• [RECORDS SHOWN]:
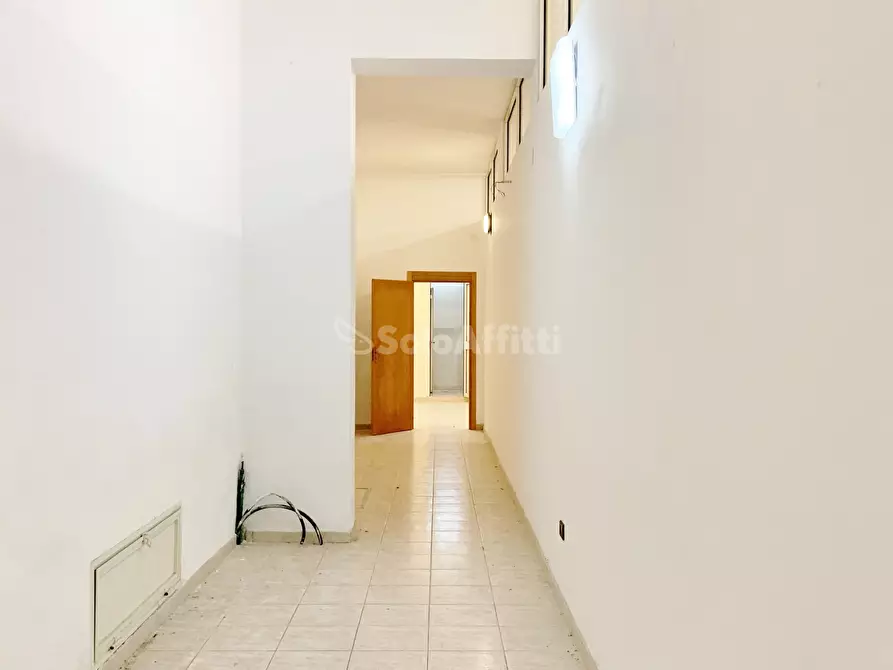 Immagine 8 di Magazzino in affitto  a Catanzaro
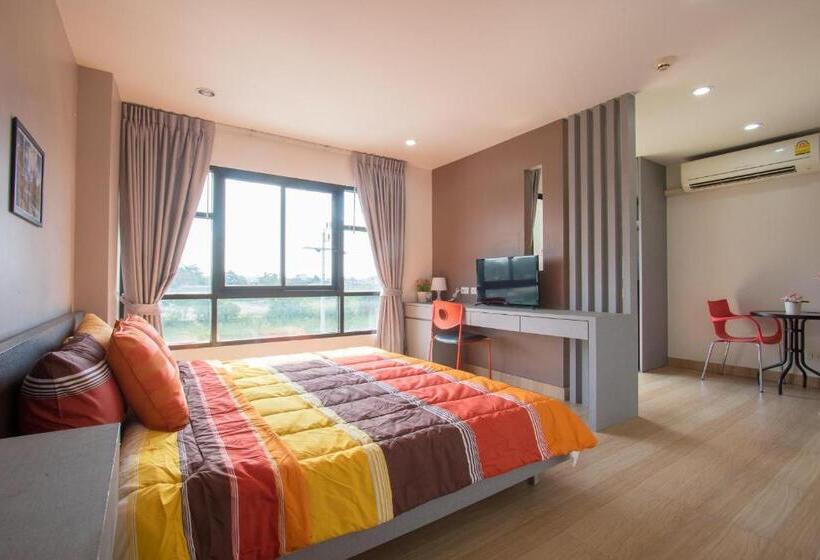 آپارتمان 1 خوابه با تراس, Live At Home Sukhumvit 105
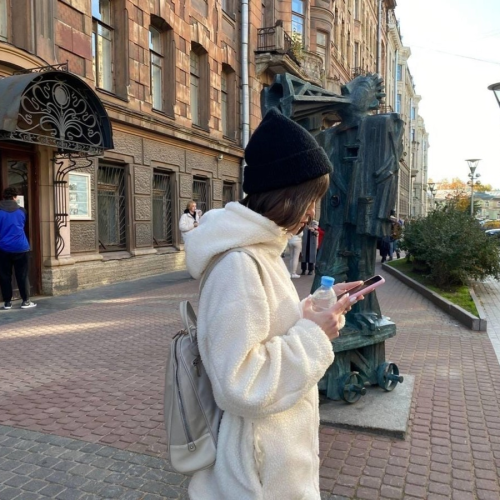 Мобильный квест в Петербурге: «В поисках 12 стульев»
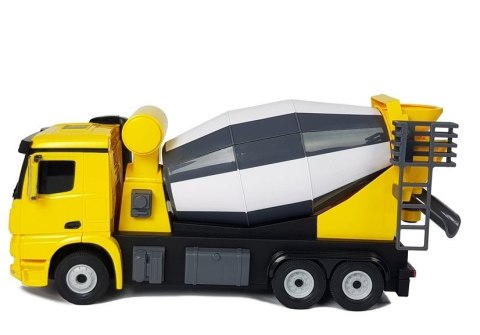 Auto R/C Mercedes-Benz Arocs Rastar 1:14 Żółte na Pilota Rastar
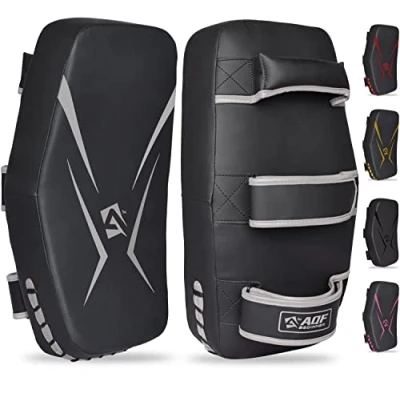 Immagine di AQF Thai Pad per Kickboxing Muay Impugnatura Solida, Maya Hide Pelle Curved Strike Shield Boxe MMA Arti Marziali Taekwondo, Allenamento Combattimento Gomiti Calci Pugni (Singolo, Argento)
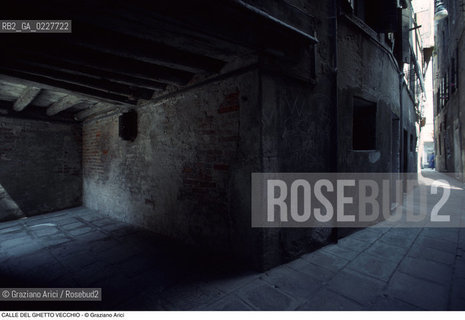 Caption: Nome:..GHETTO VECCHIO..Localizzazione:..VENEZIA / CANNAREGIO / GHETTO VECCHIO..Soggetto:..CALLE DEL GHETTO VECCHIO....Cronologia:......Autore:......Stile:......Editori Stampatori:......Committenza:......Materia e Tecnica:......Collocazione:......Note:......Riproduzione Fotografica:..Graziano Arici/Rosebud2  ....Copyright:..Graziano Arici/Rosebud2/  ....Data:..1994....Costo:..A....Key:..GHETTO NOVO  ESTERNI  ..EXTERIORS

• [AIM OF THE EXERCISE]: Without including any picture, retype the entries exactly.

• [REPLY]:
 Immagine 8 di Magazzino in affitto  a Catanzaro
 آپارتمان 1 خوابه با تراس, Live At Home Sukhumvit 105
 Мобильный квест в Петербурге: «В поисках 12 стульев»
 Auto R/C Mercedes-Benz Arocs Rastar 1:14 Żółte na Pilota Rastar
 Immagine di AQF Thai Pad per Kickboxing Muay Impugnatura Solida, Maya Hide Pelle Curved Strike Shield Boxe MMA Arti Marziali Taekwondo, Allenamento Combattimento Gomiti Calci Pugni (Singolo, Argento)
 Caption: Nome:..GHETTO VECCHIO..Localizzazione:..VENEZIA / CANNAREGIO / GHETTO VECCHIO..Soggetto:..CALLE DEL GHETTO VECCHIO....Cronologia:......Autore:......Stile:......Editori Stampatori:......Committenza:......Materia e Tecnica:......Collocazione:......Note:......Riproduzione Fotografica:..Graziano Arici/Rosebud2  ....Copyright:..Graziano Arici/Rosebud2/  ....Data:..1994....Costo:..A....Key:..GHETTO NOVO  ESTERNI  ..EXTERIORS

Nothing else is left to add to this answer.